**PROBLEM STATEMENT**: Pictures must not appear in the copy. Set down exactly the line with "39023 Mercedes-Benz W201" and each line after it through the end of the data below.

**INFORMATION PROVIDED**:
:::::

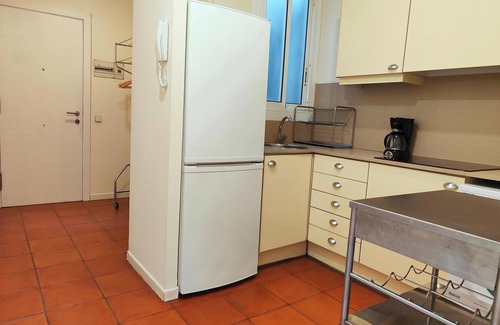 Gothic Quarter Apartment | Spacious 2-Bedroom Apt on La Rambla. Wifi &Central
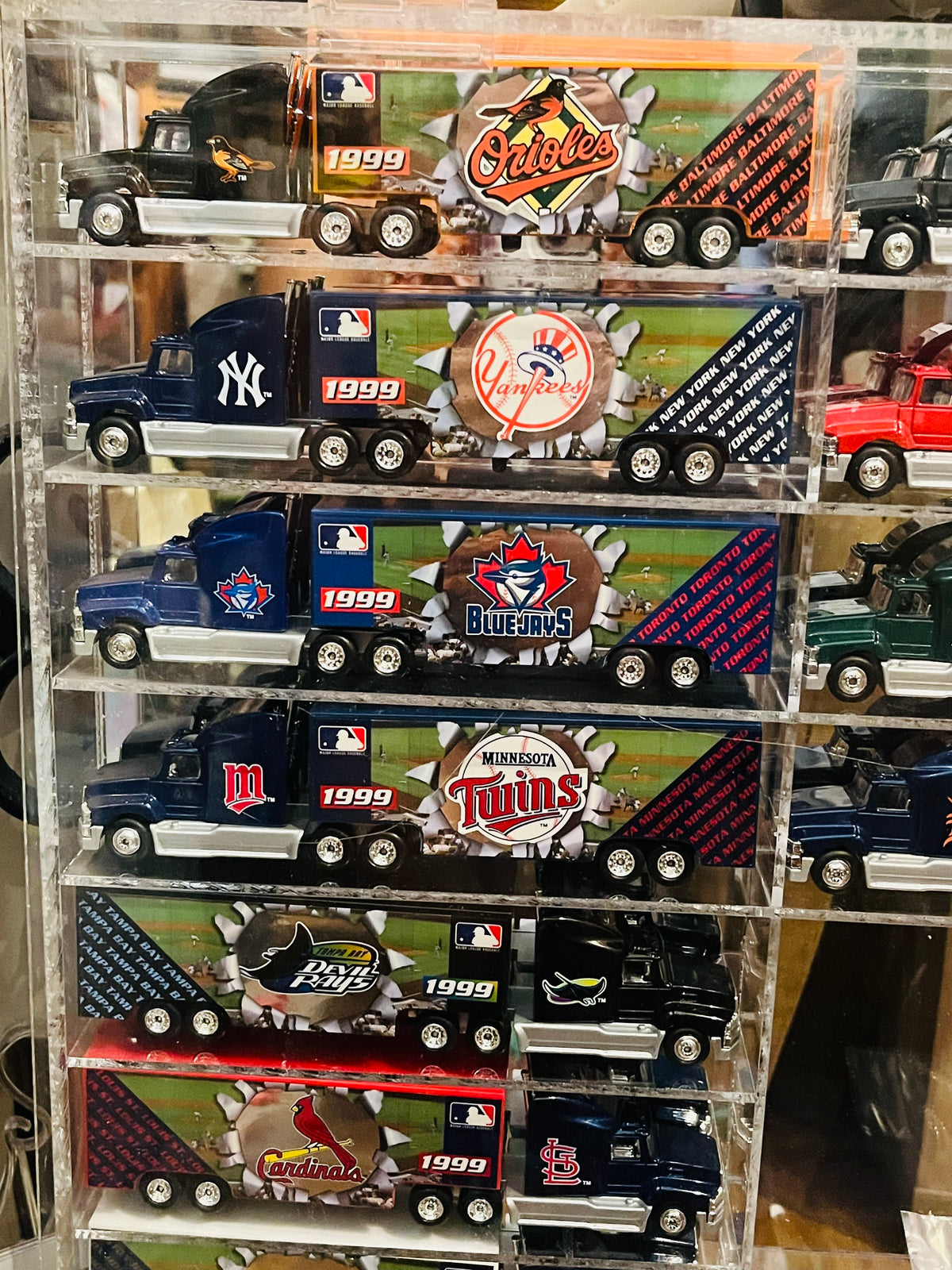1999 Diecast Semi Truck Trailer White Rose Collectibles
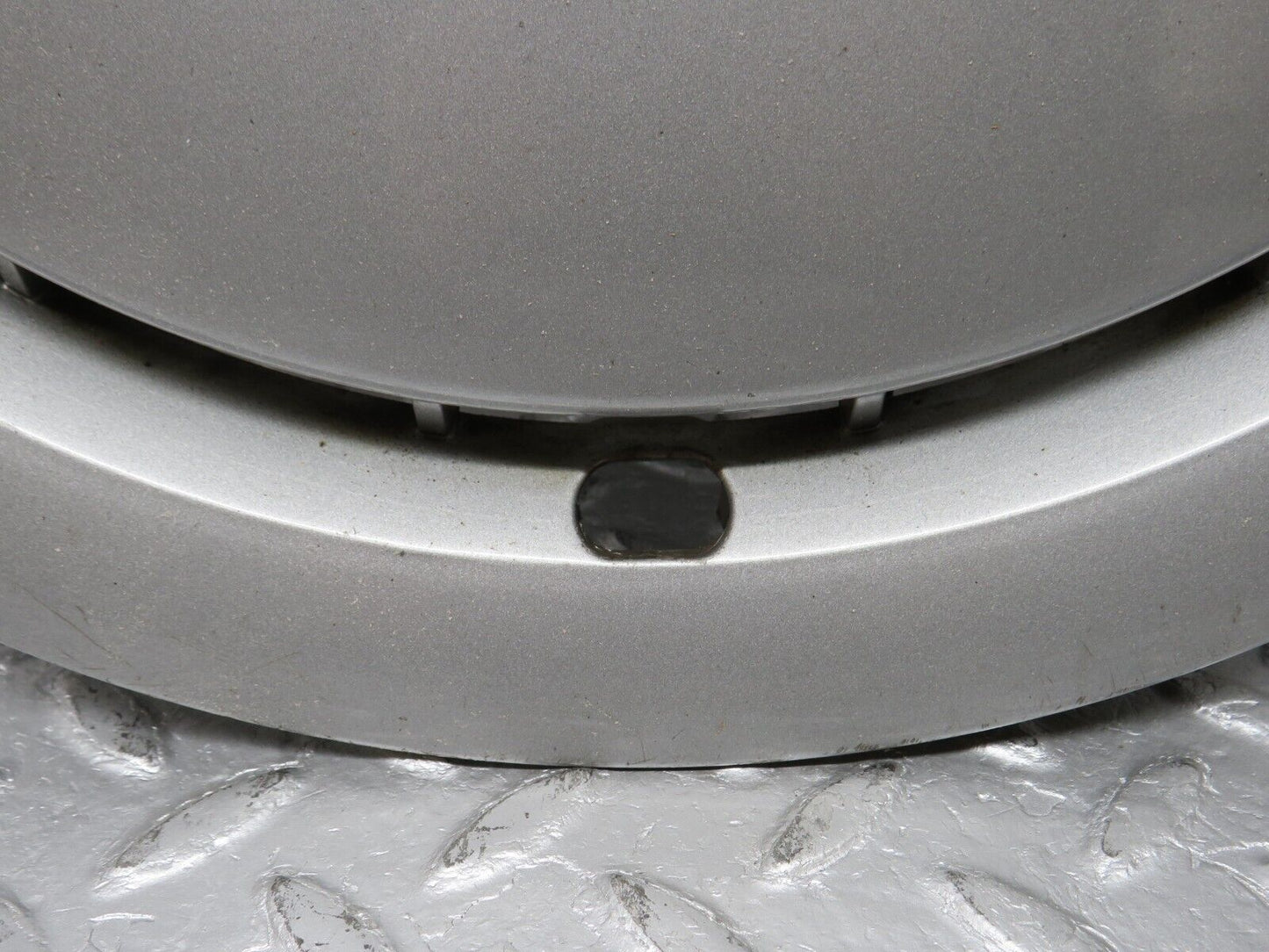 39023 Mercedes-Benz W201 190E Wheel Trim Hub Cap 14" 2014010324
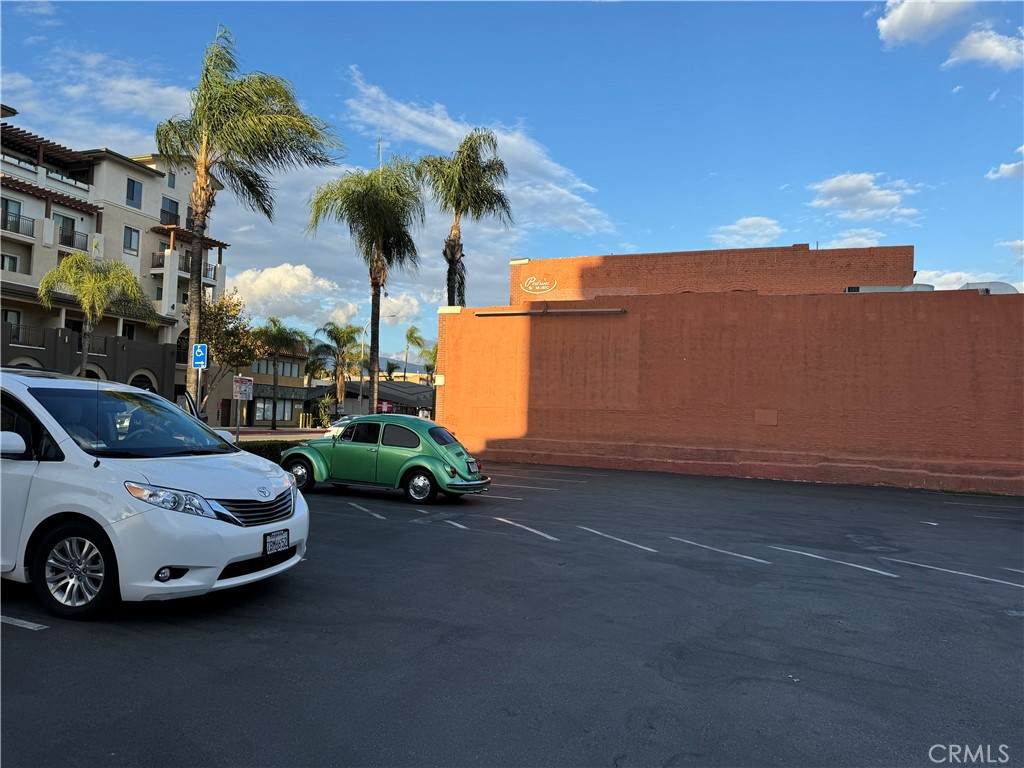 https://bt-photos.global.ssl.fastly.net/socal/orig_boomver_1_374652283-2.jpg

:::::

**FINISHED TASK**:
 39023 Mercedes-Benz W201 190E Wheel Trim Hub Cap 14" 2014010324
 https://bt-photos.global.ssl.fastly.net/socal/orig_boomver_1_374652283-2.jpg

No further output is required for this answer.